The themes introduced in the Scherzo are structured and handled contrapuntally—which David Fanning writes is stylistically reminiscent of Steinberg. The piece begins with a scherzo section which introduces a main flute theme and a contrapuntal line played on pizzicato violins. This counterpoint idea is repeated in varying forms—including imitations and inversions—throughout the Scherzo. The piece then comes to what Fanning calls a "lyrical" trio section in D major. The music here is in a waltz metre and the themes are played in a two-against-three polyrhythm, beginning in the strings and repeated in the woodwinds and French horns. The trio is followed by a retransition, which incorporates elements of the flute and pizzicato violin counterpoint idea, and leads back to the scherzo section. Fanning writes that the retransition is "by some distance the most interesting structural initiative in the piece", as it acts as a "climax"—which a listener may have expected during the previous trio section—and a chance to develop thematic and textural ideas. The waltz theme is repeatedly stated in the brass section alongside the original scherzo contrapuntal theme from the opening. A further combination of themes is heard is the final phrase of the piece.

== Reception and legacy ==
In late 1921 or early 1922, Shostakovich played the Scherzo in F♯ minor on piano for the conductor Nikolai Malko, who described it as "an excellent piece of course work by a talented pupil—no more than that". Malko was not as impressed by the Scherzo as he was by the composer's later Symphony No. 1 (1924–1925).

Laurel Fay and David Fanning describe the composition as resembling ballet music of Tchaikovsky and Delibes, although its "flexible phrase structure" does not lend itself to dancing. Fay identifies that the work is stylistically aligned to the legacy of the Rimsky-Korsakov school. Fanning writes that the professionalism of the music, particularly its orchestration, is less impressive following the discovery that the piece was written later than previously thought.

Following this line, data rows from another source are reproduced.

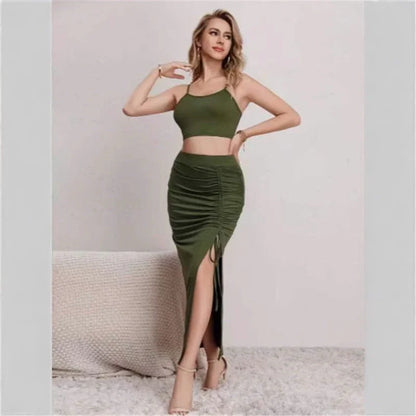 Elegant slim fit sleeveless split mid-length dress set for women in various colors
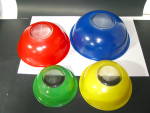 Click to view larger image of Vintage Pyrex Set of Primary Color Nesting Bowls  (Image2)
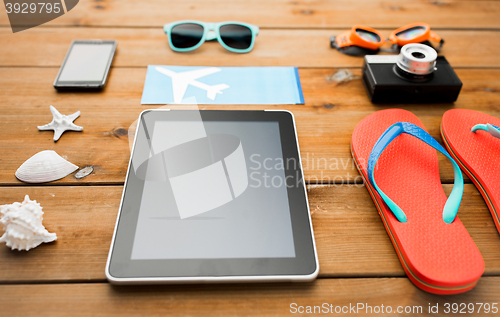 Image of close up of tablet pc and travel stuff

Shostakovich used the opening theme from the Scherzo in F♯ minor in the 'Clockwork Doll' movement from his collection of piano pieces Children's Notebook (Op. 69 No. 6). Richard Louis Gillies writes that the Scherzo in F♯ minor is the first instance of Shostakovich composing in this key, which would go on to be "of particular significance" to the composer; Gillies cites 'The City Sleeps' from Seven Romances on Poems by Alexander Blok and his Suite in F♯ minor as two later examples. The British premiere of the Scherzo in F♯ minor occurred on 17 February 1996 in the Royal Festival Hall, London, performed by the BBC Symphony Orchestra conducted by Mark Elder. It was first broadcast on BBC Radio 3 in May of the same year.